And, because of this, Rachel does not want to be consoled. Her refusal expresses the depth of her sorrow and the bitterness of her weeping. In face of the tragedy of the loss of children, a mother is unable to accept words or gestures of consolation, which are always inadequate, but capable of soothing the pain of a wound that cannot and will not be healed — a sorrow proportionate to the love.
Every mother knows all this; and there are so many mothers, also today, who weep, who are not resigned to the loss of a child, inconsolable in face of a death that is impossible to accept. Rachel encloses in herself the sorrow of all the mothers of the world, of all times, and the tears of every human being who weeps for irreparable losses.
This refusal of Rachel, who does not want to be consoled, teaches us also how much delicacy is required in face of others’ sorrow. To speak of hope to one who is desperate requires sharing his despair, to dry a tear from the face of one who is suffering requires uniting our sorrow to his. Only thus will our words be really capable of giving some hope. And if I cannot say such words — weeping, sorrowing, then silence is better — a caress, a gesture and no words.
And God, with His delicacy and His love, responds to Rachel’s weeping with true not feigned words thus, in fact, Jeremiah’s text proceeds:
“Thus says the LORD: ‘Cease your cries of weeping, hold back your tears! There is compensation for your labor— oracle of the LORD—they shall return from the enemy’s land. There is hope for your future—oracle of the LORD—your children shall return to their own territory.’”(Jeremiah 31:16-17). In fact, because of the mother’s weeping, there is hope again for the children, who will live again.
This woman, who accepted death at the moment of giving birth, so that her son could live, with her, is now weeping for the beginning of a new life for her exiled children, [who are] prisoners, far from their homeland. To Rachel’s sorrow and bitter weeping, the Lord responds with a promise that can now be for her a motive for true consolation: the people will be able to return from exile and live in faith, and free, their relation with God. The tears generated hope. And this is not easy to understand, but it is true. Many times in our life tears sow hope; they are seeds of hope.
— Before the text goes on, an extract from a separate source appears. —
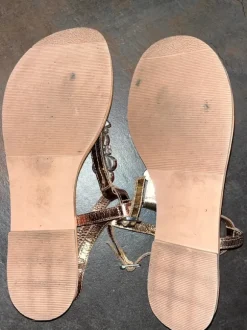 Sandalen mit Glitzer von Hallhuber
As we know, this text of Jeremiah was later taken up by the evangelist Matthew and applied to the massacre of the innocents (cf. 2:16-18). A text that puts us before the tragedy of the killing of vulnerable human beings, to the horror of power that scorns and does away with life. The children of Bethlehem died because of Jesus. And He, innocent Lamb, would then die in turn for all of us. The Son of God entered in the pain of men. We must not forget this.
When someone turns to me and asks me difficult questions, for instance: “Tell me, Father, why do children suffer?” I truly do not know what to answer. I just say: “Look at the Crucified: God has given us His Son, He suffered, and perhaps you will find an answer there. “ But answers from here [he points to his head] there are none. Only by looking at God’s love that gives His Son, who offers His life for us, can indicate some way of consolation. And because of this we say that the Son of God entered in the pain of men; He shared and accepted death; His Word is definitively word of consolation, because it is born of weeping.
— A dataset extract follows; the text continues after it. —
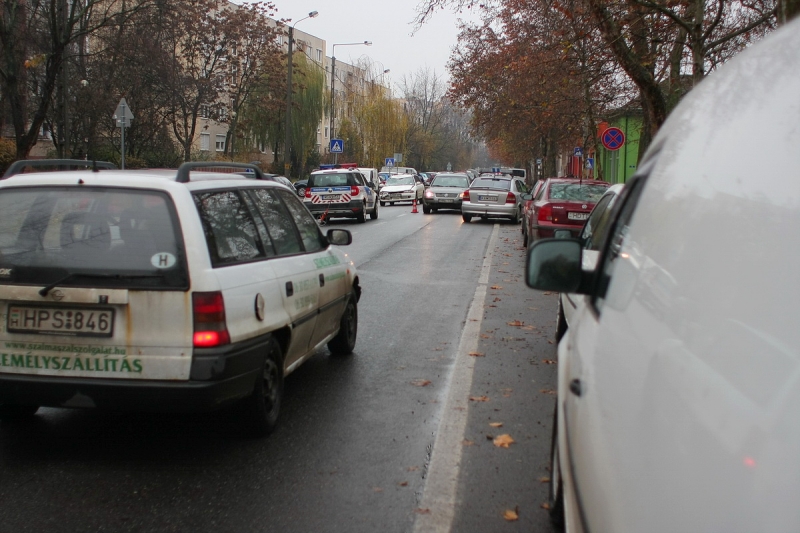 Kerékpárost gázoltak a Vasvári Pál utcán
And on the cross it is He, the dying Son, who gives new fecundity to His Mother, entrusting her to the disciple John and rendering her Mother of the believing people. Death is conquered, and thus Jeremiah’s prophecy reaches fulfilment. Mary’s tears also, as those of Rachel, generated hope and new life. Thank you.
[Original text: Italian] [Working Translation by ZENIT]
Italian Greetings
A warm welcome goes to the Italian-speaking pilgrims, and I wish all serenity and peace for the New Year. I am happy to receive the members of the “Prayer and Charity Associative Family” group, celebrating the 45th anniversary of their foundation and the representatives of the of the Blessed Vincenzo Romano Apostolic Center, gathered here for 25 years of service to the charism of vocational formation, and I thank them for the gift of the effigy of their Founder.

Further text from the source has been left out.